Akademik Məlumat İdarəetmə Sistemi
Journal of Marine Engineering and Technology, 2025 (SCI-Expanded, Scopus)
Liquefied Natural Gas (LNG) ship-to-ship (STS) transfers have emerged as a critical process in the global LNG supply chain, facilitating flexible and efficient cargo movements despite significant operational risks. This paper attempts to perform a comprehensive risk analysis for the LNG STS operational process. To accomplish this, integrated risk-based modelling; Dempster-Shafer evidence theory and Failure mode effects and criticality analysis are used for quantification. Whilst the Dempster-Shafer evidence theory provides a mathematical framework to properly tackle with epistemic uncertainty in the assessment of risk parameters and to prioritise failure modes, the Failure mode effects and criticality analysis is addressing the assessment of potential operational failures and causes. In the study, the hybrid model integrates failure mode effects and criticality analysis to identify failure modes with Dempster-Shafer to quantify epistemic uncertainty in expert assessments of Occurrence (O), Severity (S), and Detection (D) parameters. Interval-valued expert judgments were combined using Dempster-Shafer rules, generating belief and plausibility distributions for Risk Priority Numbers (RPNs) to prioritise 19 identified failure modes.
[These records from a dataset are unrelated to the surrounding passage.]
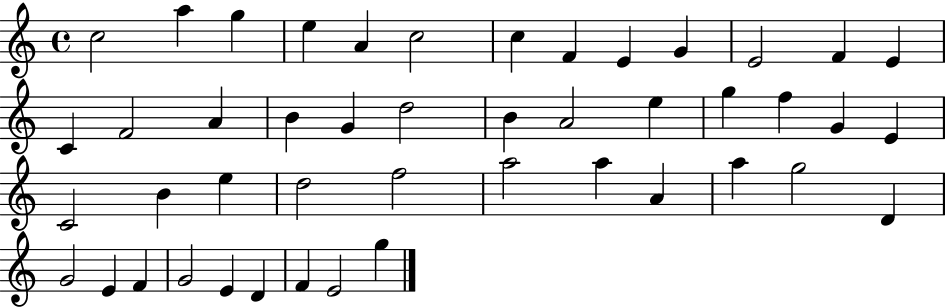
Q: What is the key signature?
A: C major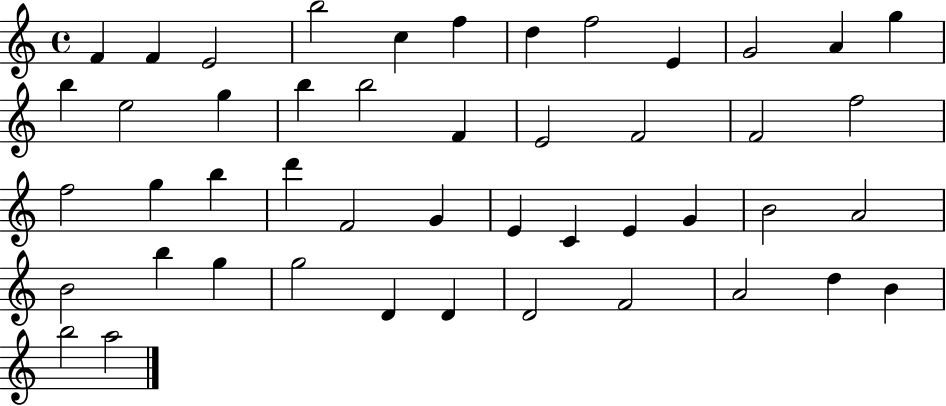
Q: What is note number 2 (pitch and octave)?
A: F4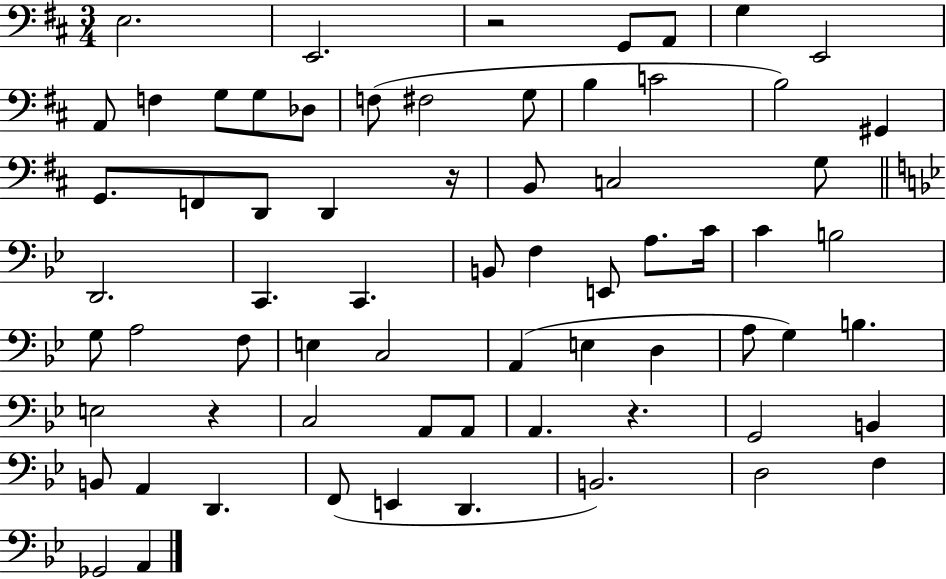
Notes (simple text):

E3/h. E2/h. R/h G2/e A2/e G3/q E2/h A2/e F3/q G3/e G3/e Db3/e F3/e F#3/h G3/e B3/q C4/h B3/h G#2/q G2/e. F2/e D2/e D2/q R/s B2/e C3/h G3/e D2/h. C2/q. C2/q. B2/e F3/q E2/e A3/e. C4/s C4/q B3/h G3/e A3/h F3/e E3/q C3/h A2/q E3/q D3/q A3/e G3/q B3/q. E3/h R/q C3/h A2/e A2/e A2/q. R/q. G2/h B2/q B2/e A2/q D2/q. F2/e E2/q D2/q. B2/h. D3/h F3/q Gb2/h A2/q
Results identified ‘mooring/unmooring related problems (RPN = 252)’ as the most critical failure mode, followed by ‘excessive ship speed (RPN = 180)’ and ‘high rate of cargo transfer (RPN = 175)’. Through this comprehensive research, the findings aim to offer insights for organisational managers, maritime safety researchers and crew members involved in LNG STS operations, fostering a deeper understanding of the strategies essential for ensuring safe and efficient LNG STS cargo operations.